Era el turno del Gris de enfadarse.
—¿Y por qué no me lo explicas? —Destrozó una mesa de un puñetazo—. ¡Estoy harto de tus secretos! Dime, ¿por qué es tan valiosa mi vida? ¡Quiero saberlo!
—Ya sabes que no puedo decírtelo todavía. Lo haré cuando llegue el momento.
—Pues entonces lo discutiremos en ese instante. Hasta entonces, mi vida es mía, te guste o no. No me importan tus secretos.
—¿Es por el dolor? ¿Por eso lo haces?
Los ojos del Gris relampaguearon, temblaron de furia.
—No me hables de dolor. Tú no sabes lo que es eso. —Dio un paso adelante, haciendo retroceder a Álex—. Sabes muchas cosas, no lo niego. Pero no tienes ni idea de qué se siente al vivir sin alma. ¡No, no lo imaginas tampoco! Dices que yo no entiendo el valor de mi vida, es posible, pero tú, por más conocimientos ocultos que creas tener, no sabes cómo es mi tormento, y te aconsejo que des gracias por ello. ¡Así que no vuelvas a hablarme de dolor!
—De modo que es por eso —concluyó Álex—. Sufres mucho y te has rendido. Se terminó el luchar, el seguir adelante. Así es más fácil. No eres más que un cobarde. ¡Me das asco, Gris!
—Cuidado, Álex. Te lo advierto.
—¿Cuidado?
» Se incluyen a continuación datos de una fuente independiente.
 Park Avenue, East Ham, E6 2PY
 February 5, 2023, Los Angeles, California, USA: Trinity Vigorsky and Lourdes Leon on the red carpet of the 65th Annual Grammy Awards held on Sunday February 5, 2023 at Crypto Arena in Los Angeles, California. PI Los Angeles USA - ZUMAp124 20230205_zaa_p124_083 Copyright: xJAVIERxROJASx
Maldito idiota. Estoy tratando de salvar tu vida, que parece importarme a mí más que a ti. ¿Y se te ocurre amenazarme?
—¿A qué te refieres?
—A que no puedes engañarme. Sé por qué no huyes de Miriam y por qué no me dejaste matarla cuando tuve la ocasión. ¡No pongas esa cara! Lo sé todo. Salvaste a Miriam porque quieres que te entregue a los ángeles. Sabes que no perdonarán la muerte de Samael y te matarán. Mikael se encargará en persona de hacerlo, y con gran placer. Eso es lo que buscas en realidad, que termine tu agonía de una vez. ¡Eres tan cobarde que ni siquiera tienes el valor de suicidarte directamente! ¡Prefieres que acaben contigo!